Memahami Makna Ibadah

Bismillah.

Salah satu perkara yang sudah jelas dan tetap di dalam agama ini adalah bahwa tujuan penciptaan jin dan manusia ini adalah dalam rangka beribadah kepada Allah. Untuk itulah Allah mengutus para rasul dan menurunkan kitab-kitab.

Secara bahasa ibadah bermakna perendahan diri dan ketundukan. Apabila disertakan dengannya puncak kecintaan maka jadilah ia ibadah secara syari’at. Oleh sebab itu para ulama menerangkan bahwa ibadah dalam pengertian agama adalah puncak perendahan diri yang disertai dengan puncak kecintaan.

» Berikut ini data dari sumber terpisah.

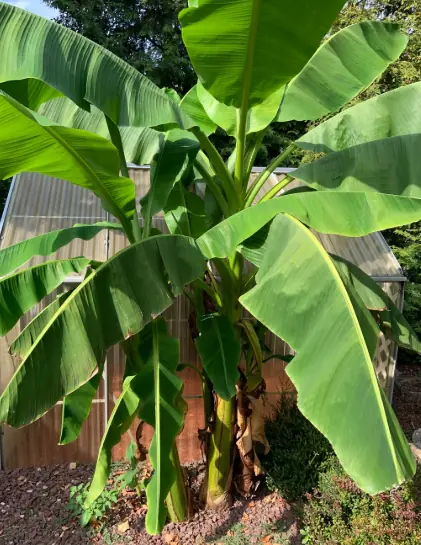 บรรพบุรุษเตือนแรง! “4 ต้นไม้ต้องห้ามหน้าบ้าน” ปลูกผิดชีวิตสะดุด เงินทองไหลออกไม่รู้ตัว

Dengan bahasa lain, ibadah adalah ketundukan kepada Allah dengan penuh rasa cinta dan pengagungan kepada-Nya. Ibadah itu tercermin dalam bentuk pelaksanaan perintah dan meninggalkan larangan-larangan. Dan apabila dilihat dari materi ibadah itu sendiri maka ia meliputi semua perkara yang dicintai dan diridhai oleh Allah berupa ucapan dan perbuatan. Ibadah juga bisa muncul di dalam hati, atau di lisan, atau dengan anggota badan.

Selain itu perlu pula diketahui bahwasanya ibadah tidaklah dinamakan sebagai ibadah yang benar kecuali apabila disertai dengan tauhid. Oleh sebab itu dikatakan oleh sebagian ulama salaf bahwa semua perintah untuk beribadah kepada Allah di dalam al-Qur’an maka maknanya adalah perintah untuk mentauhidkan-Nya. Tanpa tauhid ibadah itu akan sia-sia. Seperti yang Allah gambarkan dalam ayat (yang artinya), “Dan Kami hadapi segala amal yang mereka kerjakan lalu Kami jadikan ia bagaikan debu yang beterbangan.” (al-Furqan : 23)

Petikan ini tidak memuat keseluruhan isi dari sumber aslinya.